A plus for Dafny versus something like TLA+, is that it is an actual programming language, so there is some guarantee that the proofs have been properly translated to executable code, and that further changes still map to the proofs.
Currently it has translation backends for C#, Java, JavaScript, Go and Python.
Comparison with TLA+ doesn't make any sense as TLA+ implements a very different sort of logic, but the property that it is a real programming language is shared by virtually everything in this space.
Lean/Adga are real programming languages, while Coq (Rocq), F*, ATS, Isabelle/HOL all extract to various other programming languages.
Frankly, it's TLA+ that is the odd one here.
pjmlp · 4h ago
Agreed, my remark was more coming from the point of view that I don't get why TLA+ keeps being talked about, when there is such an impedance mismatch between the math model proving the logic, and the actual implementation, where even the language semantics might play a role that wasn't clearly mapped on TLA+ model.
steego · 2h ago
Isn't TLA+ is more like Alloy insofar as they're thinking tools optimized for the design phase?
I'm more familiar with Alloy, which is a great tool for exploring a specification and looking for counter-examples that violate your specification.
AFAIK, none of the languages you listed above work well in conceptualization phase. Are any of them capable of synthesizing counter-examples out of the box? (Aside: I feel like Lean's meta capabilities could be leveraged to do this.)
pjmlp · 1h ago
I only listed Dafny, although I do agree with the list on the reply to me.
Never looked into Alloy, I guess have to get an understanding of it.
How can you validate that the beautiful design phase actually maps to e.g.
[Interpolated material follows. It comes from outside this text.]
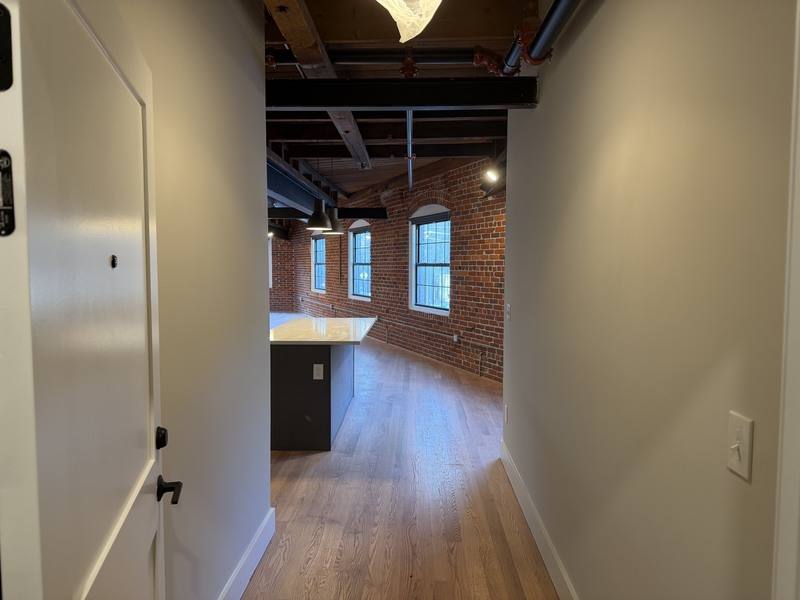 Apartment for rent at 1665 Main St, Jefferson, MA 01522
C code, writing data via ODBC to a SQL database, with stored procedures written in PL/SQL?
Neither the semantics of the toolchains nor the semantics of the commercial products ar part of the TLA+ model as such.
Additionally it requires someone to meticulously compare the mathematical model with the implementation code, to validate that what is written actually maps to what was designed.
Although it wouldn't work for my contrieved example, at least tools like Dafny have more viability by going through "formal model => generate library for consumption", so that we can get an automated model to code validation, without human intervention.
Jtsummers · 1h ago
> Additionally it requires someone to meticulously compare the mathematical model with the implementation code, to validate that what is written actually maps to what was designed.
This is a deficiency in TLA+ (and many other systems), but it's not a good enough reason to discard or dismiss it. The industry alternative to TLA+ is not something that traces fully and easily from spec to code, but mostly to use informal, largely prose, documents as their specification (if they specify anything at all). TLA+ is a massive improvement on that even if it's not a perfect tool. Same for Alloy and other systems. It's better if people model and specify at least portions of their system formally even if it still takes effort to verify the code correctly implements that specification, effort they have to expend anyways but with greater difficulty lacking any thing approaching a formal specification.
trashchomper · 17h ago
Having played with Dafny only in a university course, I really enjoyed it as a way of implementing algorithms and being certain they work with much less cruft than unit tests.
I haven't gone looking but verifier tools compatible with languages people already use (typescript/rust/go/whatever is the flavour of the month) feel like the way to go
codebje · 10h ago
The languages people already use are inconsistent (in a logic theory sense) and lack formal semantics. Efforts to try and prove anything useful about programs written in those languages don't get far, because the first fact requires you to restrict everything to a subset of the languages, and sometimes that restricts you to an unworkable subset, and the latter fact is a massive hill to climb at whose peak is a note saying, "we have changed the implementation, this hill is no longer relevant."
The only* practical way to approach this is exactly Dafny: start with a (probably) consistent core language with well understood semantics, build on a surface language with syntax features that make it more pleasant to use, proving that the surface language has a translation to the core language that means semantics are clear, and then generate the desired final language after verification has succeeded.
Dafny's about the best of the bunch for this too, for the set of target languages it supports.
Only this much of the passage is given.